Oltre agli anni di carcere, per i due Il giudice Tommasso Perrella ha disposto la pena accessoria della ‘estinzione del rapporto di lavoro con il Ministero dell’Economia e delle Finanze’
“Qui tutto il sistema è corrotto”. Un macigno, le parole del maresciallo capo della Finanza Antonio Izzo ai genitori di un aspirante finanziere ai quali chiedeva 1500 euro per la spintarella decisiva nel concorso per allievi sottufficiali Gdf 2015. Ne seguì una denuncia, l’inchiesta, le misure cautelari. Ed il processo. Che si è concluso con una sentenza severa. Due finanzieri accusati di aver chiesto tangenti sui concorsi sono stati ‘licenziati’. Il giudice di Napoli Tommasso Perrella ha disposto la pena accessoria della ‘estinzione del rapporto di lavoro con il Ministero dell’Economia e delle Finanze’ per Izzo e per un complice, il maresciallo capo nel contingente ordinario della Gdf, Massimo De Luca, in servizio presso il centro di reclutamento di Roma. Il magistrato li ha condannati rispettivamente a 5 anni e a 4 anni e 4 mesi, pena sospesa, e al risarcimento di 50mila euro ciascuno al ministero. Condannati a 4 anni anche due ‘clienti’ dei finanzieri infedeli. Lazzaro e Maria T., padre e figlia, sborsarono 50mila euro di cui poi ottennero la restituzione quando la ragazza, dopo aver superato le prime prove, venne respinta agli orali e vide sfumare il sogno del posto fisso. Le condanne sarebbero state aumentate di un terzo se gli imputati non avessero scelto il rito abbreviato. Un altro finanziere, Nicola Ponticiello, ha scelto il rito ordinario ed è stato rinviato a giudizio.

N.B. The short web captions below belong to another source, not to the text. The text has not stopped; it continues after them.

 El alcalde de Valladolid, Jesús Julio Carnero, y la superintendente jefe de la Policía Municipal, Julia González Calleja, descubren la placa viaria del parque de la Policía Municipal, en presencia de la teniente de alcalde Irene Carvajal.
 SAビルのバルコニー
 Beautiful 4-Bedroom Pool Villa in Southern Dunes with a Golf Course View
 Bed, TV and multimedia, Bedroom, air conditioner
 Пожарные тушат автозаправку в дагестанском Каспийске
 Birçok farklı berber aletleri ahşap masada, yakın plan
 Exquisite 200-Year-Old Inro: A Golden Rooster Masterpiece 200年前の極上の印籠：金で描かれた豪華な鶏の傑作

Fu corruzione, secondo il giudice, che ha modificato il capo d’imputazione originario della Procura di Napoli. L’inchiesta del procuratore aggiunto Alfonso D’Avino e dei pm Valter Brunetti e Giancarlo Novelli aveva ipotizzato il millantato credito. Le indagini furono condotte dal Nucleo Tributario Gdf di Napoli, agli ordini del colonnello Giovanni Salerno. La Finanza avanzò spedita, decisa ad estirpare l’erba cattiva del suo giardino, incoraggiò le famiglie ‘avvicinate’ a denunciare, imbottì di cimici la stanza di un indagato per ascoltare i colloqui compromettenti. L’ordinanza di custodia cautelare del Gip Nicola Quatrano fissò alcuni punti sopravvissuti nel dibattimento, qualificando il reato in corruzione perché secondo il magistrato non era plausibile versare la cifra ingente di 50mila euro senza qualche assicurazione concreta sull’esito del concorso. Che poteva consistere nel fatto che Izzo aveva già ‘piazzato’ sua figlia. Inoltre, la ragazza che aveva pagato la tangente era comunque riuscita a superare i primi step delle selezioni. Agli atti ci sono intercettazioni in cui i finanzieri indagati manifestano stupore per la bocciatura della loro cliente. Uno stupore “sincero” secondo il magistrato, che fa a cazzotti con la tesi di pochi imbroglioni senza agganci, e lascia intendere che un accordo corruttivo per truccare il concorso da qualche parte c’era stato. L’inchiesta però non è riuscita a dimostrare contatti tra i finanzieri e la commissione esaminatrice del concorso. Il Gip però sottolinea che De Luca lavorava al centro reclutamento, che ha un ruolo nelle procedure di selezione degli allievi.